* **Material provided**
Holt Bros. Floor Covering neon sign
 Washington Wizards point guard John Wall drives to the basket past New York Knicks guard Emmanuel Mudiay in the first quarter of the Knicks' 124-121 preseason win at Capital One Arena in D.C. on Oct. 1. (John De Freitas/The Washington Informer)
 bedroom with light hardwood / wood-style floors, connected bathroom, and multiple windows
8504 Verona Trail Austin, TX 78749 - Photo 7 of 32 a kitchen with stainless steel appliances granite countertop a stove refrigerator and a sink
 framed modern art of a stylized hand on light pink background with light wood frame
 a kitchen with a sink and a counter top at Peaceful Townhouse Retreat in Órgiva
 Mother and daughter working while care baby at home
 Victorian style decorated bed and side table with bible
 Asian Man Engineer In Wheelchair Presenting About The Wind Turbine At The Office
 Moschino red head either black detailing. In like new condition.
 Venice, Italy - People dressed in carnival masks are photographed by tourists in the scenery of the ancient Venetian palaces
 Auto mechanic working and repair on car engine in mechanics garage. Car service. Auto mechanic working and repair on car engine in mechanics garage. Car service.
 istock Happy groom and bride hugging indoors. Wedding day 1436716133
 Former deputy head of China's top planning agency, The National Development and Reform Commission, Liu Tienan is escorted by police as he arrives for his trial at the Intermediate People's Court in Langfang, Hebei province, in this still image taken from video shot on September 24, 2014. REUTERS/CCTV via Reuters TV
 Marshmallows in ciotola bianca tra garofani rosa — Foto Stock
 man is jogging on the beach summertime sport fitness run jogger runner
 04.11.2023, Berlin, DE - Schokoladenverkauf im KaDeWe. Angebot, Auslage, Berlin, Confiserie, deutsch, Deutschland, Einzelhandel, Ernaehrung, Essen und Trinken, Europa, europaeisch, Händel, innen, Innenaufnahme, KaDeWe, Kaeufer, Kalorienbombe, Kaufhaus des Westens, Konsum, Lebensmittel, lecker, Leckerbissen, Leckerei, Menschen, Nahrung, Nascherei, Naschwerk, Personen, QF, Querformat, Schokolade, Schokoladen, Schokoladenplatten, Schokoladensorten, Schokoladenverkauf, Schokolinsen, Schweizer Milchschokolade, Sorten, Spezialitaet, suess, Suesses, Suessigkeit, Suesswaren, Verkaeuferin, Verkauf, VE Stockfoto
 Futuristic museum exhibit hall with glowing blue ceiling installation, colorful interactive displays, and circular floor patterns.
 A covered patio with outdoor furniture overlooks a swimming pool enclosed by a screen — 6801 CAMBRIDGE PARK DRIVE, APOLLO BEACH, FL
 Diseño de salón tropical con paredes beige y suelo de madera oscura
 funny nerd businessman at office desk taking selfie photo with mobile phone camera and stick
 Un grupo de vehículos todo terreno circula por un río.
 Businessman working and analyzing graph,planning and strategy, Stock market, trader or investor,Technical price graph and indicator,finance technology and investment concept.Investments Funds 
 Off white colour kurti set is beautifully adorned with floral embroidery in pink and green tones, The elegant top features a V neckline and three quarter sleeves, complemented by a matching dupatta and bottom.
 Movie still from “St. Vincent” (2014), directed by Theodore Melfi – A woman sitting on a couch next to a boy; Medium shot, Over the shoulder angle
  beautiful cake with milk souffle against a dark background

* **Exercise prompt**
From the first line to the last, copy the data exactly.

* **Solution to this exercise**
Holt Bros. Floor Covering neon sign
 Washington Wizards point guard John Wall drives to the basket past New York Knicks guard Emmanuel Mudiay in the first quarter of the Knicks' 124-121 preseason win at Capital One Arena in D.C. on Oct. 1. (John De Freitas/The Washington Informer)
 bedroom with light hardwood / wood-style floors, connected bathroom, and multiple windows
8504 Verona Trail Austin, TX 78749 - Photo 7 of 32 a kitchen with stainless steel appliances granite countertop a stove refrigerator and a sink
 framed modern art of a stylized hand on light pink background with light wood frame
 a kitchen with a sink and a counter top at Peaceful Townhouse Retreat in Órgiva
 Mother and daughter working while care baby at home
 Victorian style decorated bed and side table with bible
 Asian Man Engineer In Wheelchair Presenting About The Wind Turbine At The Office
 Moschino red head either black detailing. In like new condition.
 Venice, Italy - People dressed in carnival masks are photographed by tourists in the scenery of the ancient Venetian palaces
 Auto mechanic working and repair on car engine in mechanics garage. Car service. Auto mechanic working and repair on car engine in mechanics garage. Car service.
 istock Happy groom and bride hugging indoors. Wedding day 1436716133
 Former deputy head of China's top planning agency, The National Development and Reform Commission, Liu Tienan is escorted by police as he arrives for his trial at the Intermediate People's Court in Langfang, Hebei province, in this still image taken from video shot on September 24, 2014. REUTERS/CCTV via Reuters TV
 Marshmallows in ciotola bianca tra garofani rosa — Foto Stock
 man is jogging on the beach summertime sport fitness run jogger runner
 04.11.2023, Berlin, DE - Schokoladenverkauf im KaDeWe. Angebot, Auslage, Berlin, Confiserie, deutsch, Deutschland, Einzelhandel, Ernaehrung, Essen und Trinken, Europa, europaeisch, Händel, innen, Innenaufnahme, KaDeWe, Kaeufer, Kalorienbombe, Kaufhaus des Westens, Konsum, Lebensmittel, lecker, Leckerbissen, Leckerei, Menschen, Nahrung, Nascherei, Naschwerk, Personen, QF, Querformat, Schokolade, Schokoladen, Schokoladenplatten, Schokoladensorten, Schokoladenverkauf, Schokolinsen, Schweizer Milchschokolade, Sorten, Spezialitaet, suess, Suesses, Suessigkeit, Suesswaren, Verkaeuferin, Verkauf, VE Stockfoto
 Futuristic museum exhibit hall with glowing blue ceiling installation, colorful interactive displays, and circular floor patterns.
 A covered patio with outdoor furniture overlooks a swimming pool enclosed by a screen — 6801 CAMBRIDGE PARK DRIVE, APOLLO BEACH, FL
 Diseño de salón tropical con paredes beige y suelo de madera oscura
 funny nerd businessman at office desk taking selfie photo with mobile phone camera and stick
 Un grupo de vehículos todo terreno circula por un río.
 Businessman working and analyzing graph,planning and strategy, Stock market, trader or investor,Technical price graph and indicator,finance technology and investment concept.Investments Funds 
 Off white colour kurti set is beautifully adorned with floral embroidery in pink and green tones, The elegant top features a V neckline and three quarter sleeves, complemented by a matching dupatta and bottom.
 Movie still from “St. Vincent” (2014), directed by Theodore Melfi – A woman sitting on a couch next to a boy; Medium shot, Over the shoulder angle
  beautiful cake with milk souffle against a dark background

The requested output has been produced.